Isn't that the sort of thing that can typically be accomplished with nothing more than a resistor or two?

3 comments

Simple resistor signaling wouldn’t work for current sharing; two EVSEs with a single 40A supply [32A continuous] can advertise 32A if only one is in use and switch to 16A if both are in use. (Same concept extends to a larger pool of EVSEs which can limit to a max total current across the pool.)
Ah, okay, that is fancier than just advertising a fixed max current.
Tesla's Mobile connector supports different pigtails for the input circuit. That way it can support anything from a regular outlet (NEMA 5-15) up to something more common for an electric range (14-50).

The mobile connector detects which one based upon resistance.

As others have mentioned, this is often too simple for EVSE to Vehicle connections, as that might require the power level to be dynamic. Load sharing, limitations in supply capacity, or heat may all be potential reasons to limit available power.

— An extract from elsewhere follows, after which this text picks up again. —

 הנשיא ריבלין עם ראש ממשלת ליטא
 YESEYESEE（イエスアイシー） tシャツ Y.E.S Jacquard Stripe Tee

It's based on a square wave duty cycle, so you'd need something more like a '555. But yes, J1772 is designed to be dead simple and cheap to implement.
By the time you implement the rest of the protocol, you might as well have an actual microcontroller, at which point you don’t need the 555.

(Please don’t build an EVSE without the big relay and its associated safety controls. No one needs an outdoor cable supplying ~240V pin-to-pin that’s live while you hold it on a rainy day.)